This is an automated email from the ASF dual-hosted git repository.
czweng pushed a commit to branch master
in repository https://gitbox.apache.org/repos/asf/paimon.git
The following commit(s) were added to refs/heads/master by this push:
new 73134594aa [metrics] Add total file size metrics of active buckets for
primary key tables (#5158)
73134594aa is described below
commit 73134594aa3b11c8d9f339ee99452767fde055c0
Author: tsreaper <[email protected]>
AuthorDate: Thu Feb 27 16:47:51 2025 +0800
[metrics] Add total file size metrics of active buckets for primary key
tables (#5158)
This closes #5158.
---
docs/content/maintenance/metrics.md | 10 +++
.../java/org/apache/paimon/mergetree/Levels.java | 5 ++
.../mergetree/compact/MergeTreeCompactManager.java | 9 ++-
.../paimon/operation/AbstractFileStoreWrite.java | 5 ++
.../operation/metrics/CompactionMetrics.java | 19 +++++
.../operation/metrics/CompactionMetricsTest.java | 94 ++++++++++++++++++++++
6 files changed, 138 insertions(+), 4 deletions(-)
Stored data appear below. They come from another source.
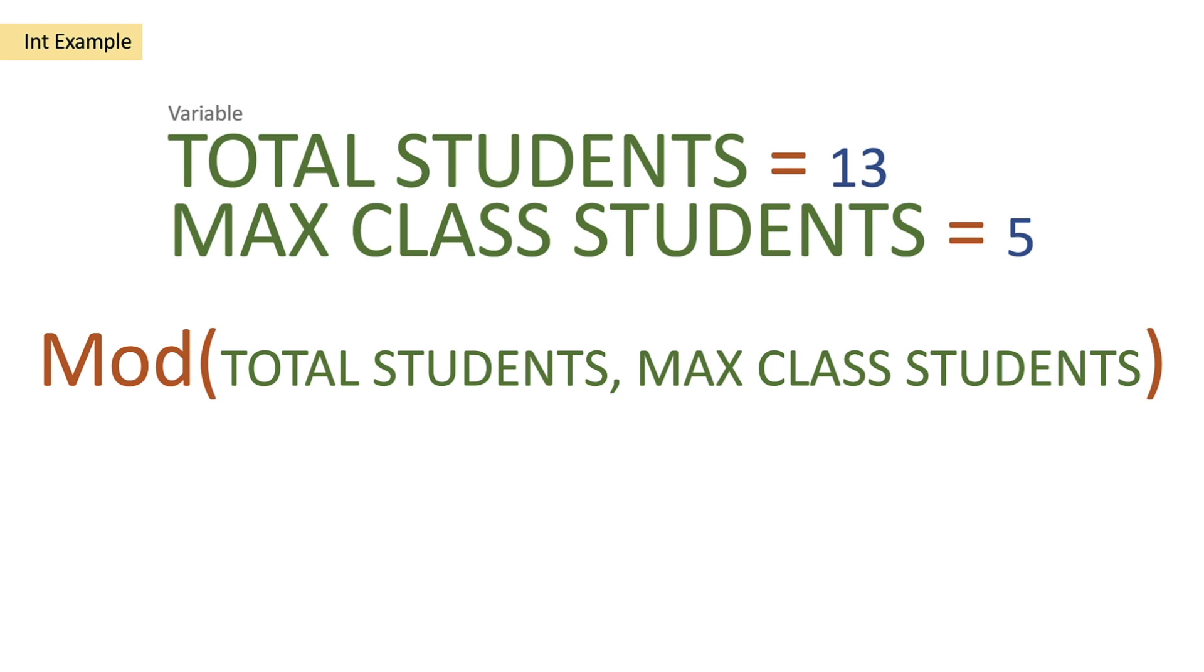So what we'll actually get back is a total number of students of 3. So we know that there are 3 students that do not fit into our 2 classes.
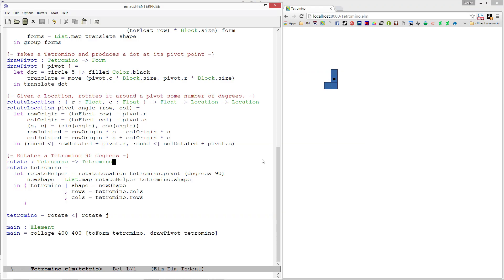Welcome back! In the last video we had just finished writing the rotate function which rotates our tetrominoes around a particular pivot point defined inside their record. In this video we're going to finish defining the rest of the tetrominoes and write a function called shift which will allow us to move our tetrominoes around.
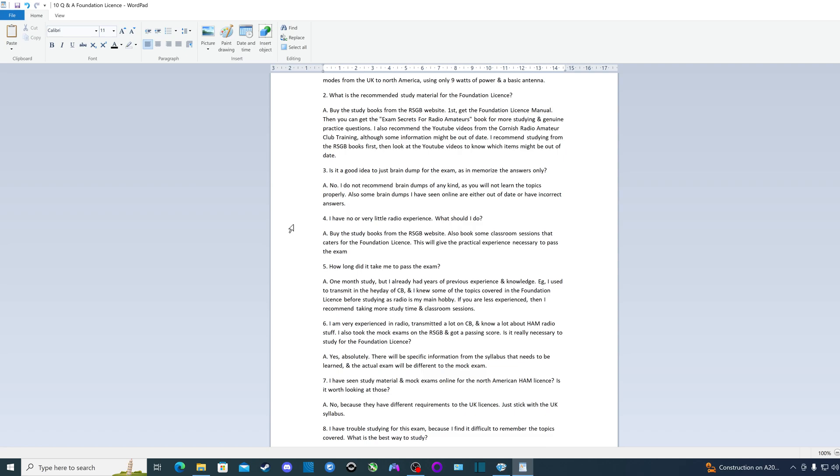The last thing you want to do is go in with very little study and you fail the exam. Also, I've heard stories of people passing the mock exams and then when they do the real exam, they fail. Why is that? Because I suppose what they've been trying to do is brain dump questions and answers that they've seen. That's not a good idea. The best way is to study from the books and that YouTube channel that I've recommended.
diff --git a/docs/content/maintenance/metrics.md
b/docs/content/maintenance/metrics.md
index 2c3067267f..80c82268a1 100644
--- a/docs/content/maintenance/metrics.md
+++ b/docs/content/maintenance/metrics.md
@@ -279,6 +279,16 @@ Below is lists of Paimon built-in metrics. They are
summarized into types of sca
<td>Gauge</td>
<td>The average output file size for this task's compaction.</td>
</tr>
+ <tr>
+ <td>maxTotalFileSize</td>
+ <td>Gauge</td>
+ <td>The maximum total file size of an active (currently being
written) bucket.</td>
+ </tr>
+ <tr>
+ <td>avgTotalFileSize</td>
+ <td>Gauge</td>
+ <td>The average total file size of all active (currently being
written) buckets.</td>
+ </tr>
</tbody>
</table>
diff --git a/paimon-core/src/main/java/org/apache/paimon/mergetree/Levels.java
b/paimon-core/src/main/java/org/apache/paimon/mergetree/Levels.java
index 350b693dbf..ea46c841ac 100644
--- a/paimon-core/src/main/java/org/apache/paimon/mergetree/Levels.java
+++ b/paimon-core/src/main/java/org/apache/paimon/mergetree/Levels.java
@@ -133,6 +133,11 @@ public class Levels {
return level0.isEmpty() ? -1 : 0;
}
+ public long totalFileSize() {
+ return level0.stream().mapToLong(DataFileMeta::fileSize).sum()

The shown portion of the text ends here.